A couple of weeks ago I had already deployed Druid 0.9.1.rc1 onto the same test-cluster and did not have any problems. This however was at a time when we didn’t have tiering in place yet.

BTW: when upgrading to Druid 0.9.1.1, is it necessary to delete and recreate the metastore database? (I didn’t do this)

thanks
Sascha

druid_091_loading-droping-issue.txt (13.6 KB)

Hey Sascha,

What is the coordinator logging during this time?

And no, it is not necessary to delete and recreate the metadata store (upgrading would be very painful if so!)

Hey Gian,

I attached a new batch of log files: one file contains the full coordinator log and two other files contain the coordinator log and one historical log, both filtered on the occurence of an example segment ID.
The cluster has two historicals that are part of a hot tier and three nodes that form the cold tier. I labelled the host names coordinator-host, metastore-host, historical-1-hot-host, historical-2-hot-host, historical-3-cold-host, historical-4-cold-host and historical5-cold-host.

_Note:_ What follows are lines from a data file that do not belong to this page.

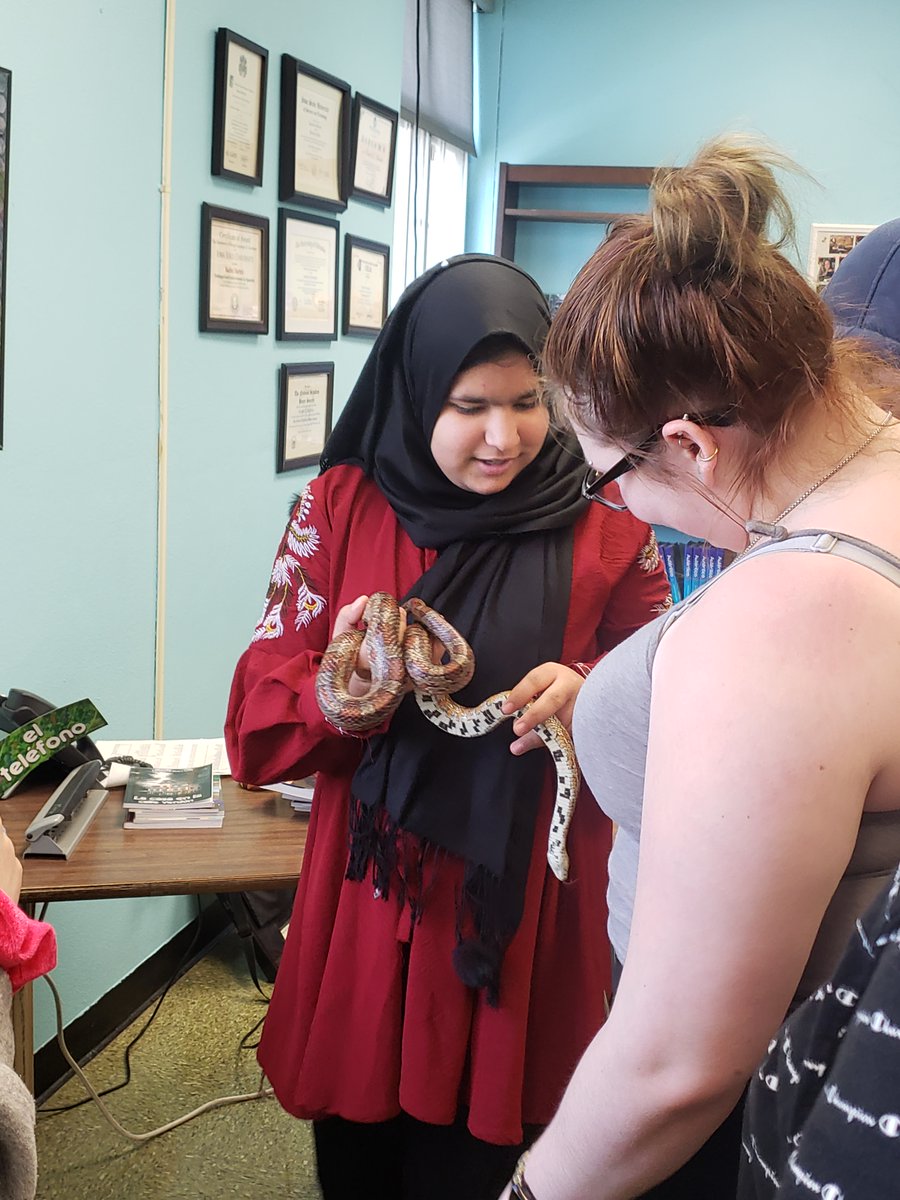srta_bartels's tweet photo. More pics from May Term Animal Ecology. A visit from Ruby the Corn Snake. #IFAMayTerm #IFACadets https://t.co/R17xtEtVB0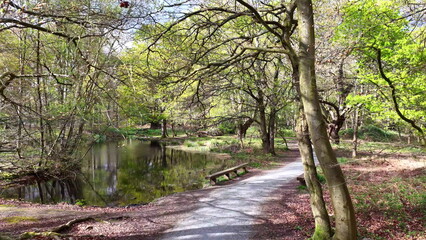 Fototapeta premium Epping Forest Path and Water View Essex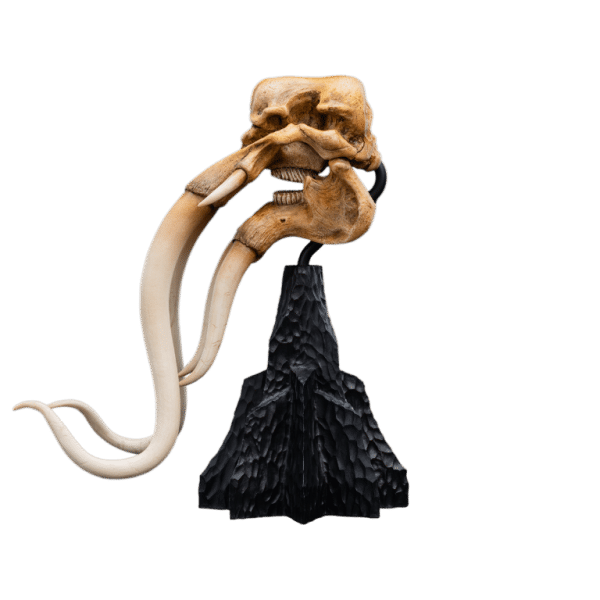 WETA LOTR Skull of a Mumak - Image 7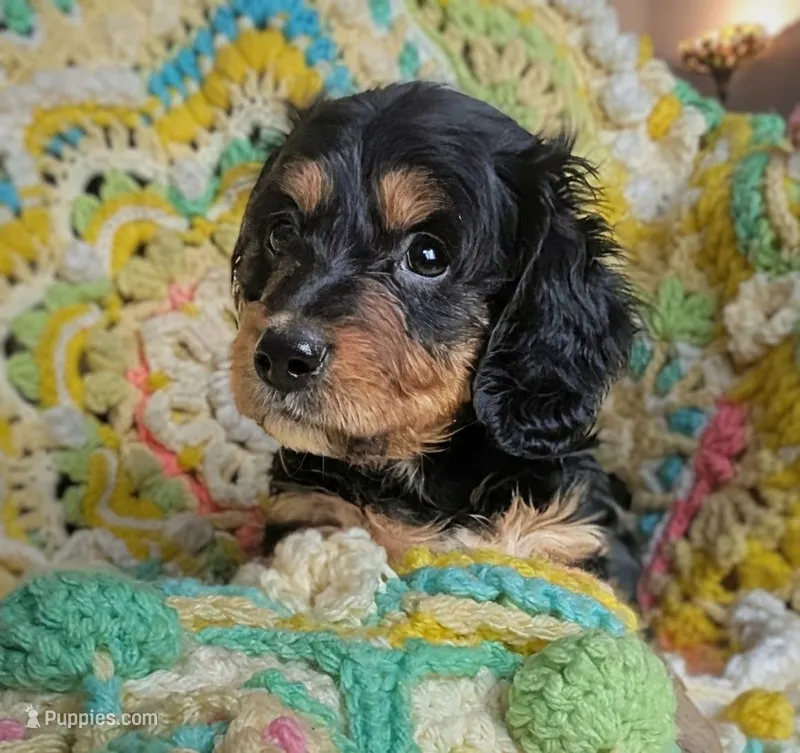 Princess – Miniature Dachshund puppy for sale in Stonewall, LA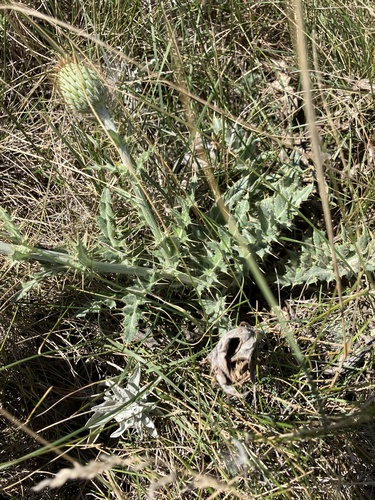 Cirsium undulatum, photograph 5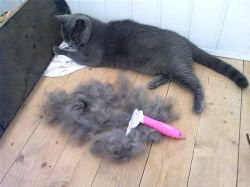 mačka ima puno vune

It looks to me as if the coordinator keeps moving a segment back and forth between historical-1-hot-host and historical-2-hot-host, so both nodes belong to the same tier.

As already mentioned above, things worked fine with Druid0.9.1-rc1 but at that time we didn’t have tiering set up yet. Also, when we tried out tiering (rule#1 load period P20D 1 hot, rule#2 load period P25D 1 cold, rule#3 drop forever), noticed that modifying those rules sometimes didn’t have the desired effect and found that this was because once a segment got matched up with the drop rule, it would be marked as used=false and never considered again. So we executed an SQL statement to mark segments as used=true again to bring them back to the coordinator’s attention. Don’t know whether this is something that might relate to the current behaviour that we observe - just meant to mention it. Other than that we did not do any weird stuff with our setup.

thanks
Sascha

coordinator-log-full.txt (1.34 MB)

historical-logs-extract.txt (10.4 KB)

coordinator-logs.extract.txt (13.9 KB)

one more thing:

I switched back to Druid 0.9.0 but the problem didn’t go away anymore
So I created a fresh metastore, removed everything from zookeeper and started the cluster again. Funnily, this does not lead to a situation with zero segments. Instead, the coordinator console show this:

In the new coordinator console, no load rules can be configured because there are no datasources existing yet. The old coordinator console allows to configure rules.